“Keep Calm and Carry On” was a slogan conceived by the British government in 1939 at the dawn of the Second World War, with the aim of encouraging the population to remain optimistic in case of an enemy invasion. Can this idiom be considered relevant by the Bitish people, nowdays, after the Queen’s death?
di Iulia Marasescu
On 8th September one of the most important and influential figure in modern history deceased: we are talking about Queen Elizabeth II, who ruled the Commonwealth until the age of 96 years old, becoming the longest-reigning monarch and beating Queen Victoria’s record.
Born in 1926, her parents were the Duke and Duchess of York and she had a younger sister, Margaret. Because of her lasting lead, it’s easy to forget that she wasn’t supposed to become a queen at all: her father was the King’s second son. However, after Edward VIII abdicated in order to marry the divorcee Wallis Simpson in 1936, his brother George became the King. From that moment on, Elizabeth became the first in the line of succession.

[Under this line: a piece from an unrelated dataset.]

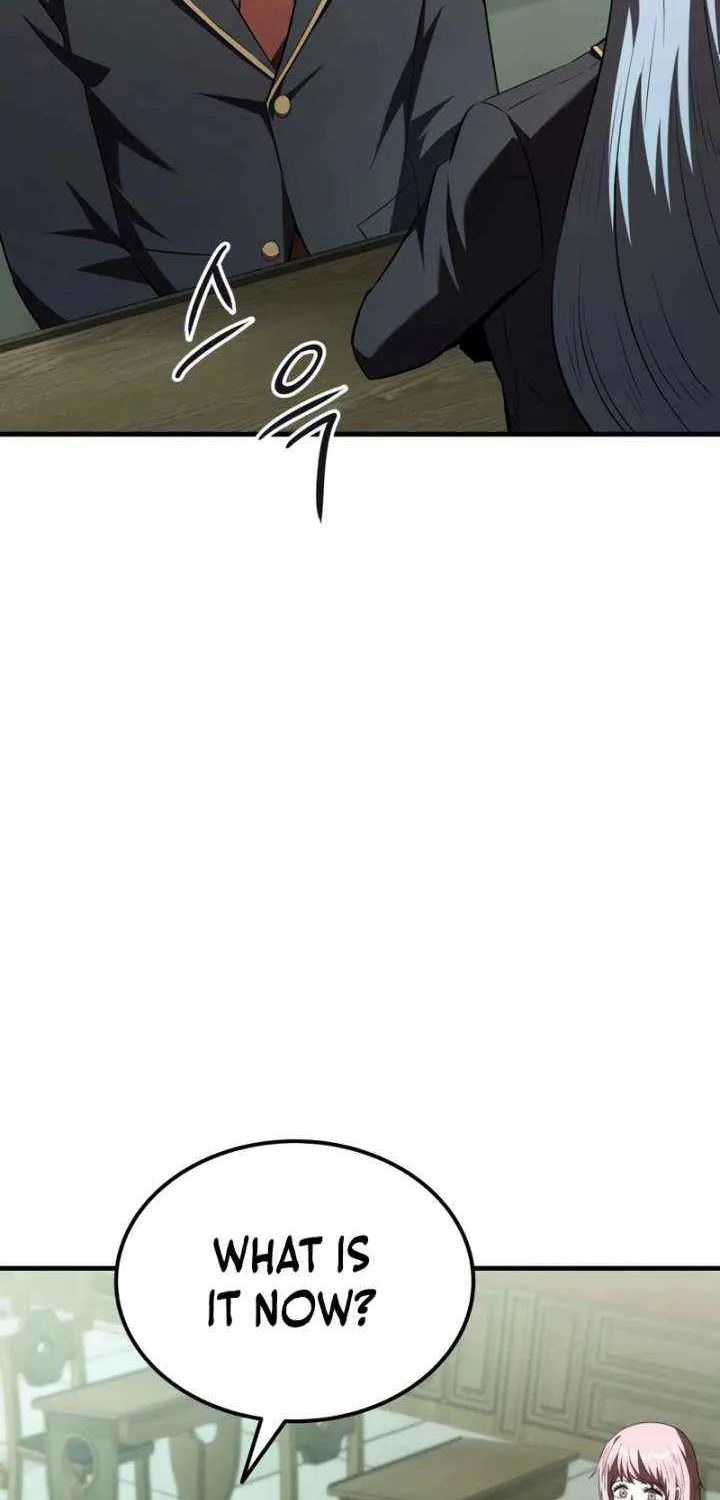 The Fox Eyed Villain of the Demon Academy, chapter 57, page 71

During her lead, there were a lot of ups and downs, for example “annus horribilis” that brought a lot of distress to the Queen because in 1992 three of her children had marital problems: Princes Charles and Andrew separated from their wives and Anne divorced her husband. In 1997 Lady Diana died in a car crash and the monarchy was accused of being involved in her death. There are also recent scandals as Prince Andrew’s lawsuit in the United States, charged with sexual abuse, and Prince Harry’s estrangement from the royal duties after marrying Meghan Markle.
Why was Queen Elizabeth II so popular?
The depression years in which Elizabeth grew up and the example of her father’s lead during World War II marked the way she decided to take care of her reign as a monarch. She always had a vision on what was happening in the outside world and its problems, understanding at a very early age that when things get hard for people, royalty mustn’t disappear in its own world.
The main reason why the Queen was so loved, not only by the British but also by many people around the world, was her strong attitude and the commitment with which she carried on her role and her duties: she has always been known for taking a serious interest in government and political affairs and modernized many aspects of the monarchy. She presided official ceremonies, hosted world leaders and travelled in support of the British government. In 70 years she worked with 15 prime ministers, met 13 American presidents and France changed 10 presidents: therefore, as politics changed, she provided a sense of stability.
What is going to happen to the monarchy now?
First of all, the country’s situation nowdays is very unstable: the current prime minister, Rishi Sunak, was elected after Liz Truss’s shortest time served as a prime minister (44 days). She met the Queen just a few days before her death and she resigned because her proposals triggered an immediate economic crisis.
The Monarchy’s role depends essentially on its domestic position and the prestige the United Kingdom has on the international plan. At the moment, Commonwealth citizens are very supportive towards the new King as the IPSOS survey states: therefore, as long as the country’s prestige on the international plan remains unvaried, Charles III and the royal family are going to remain a major influence not only in the United Kingdom.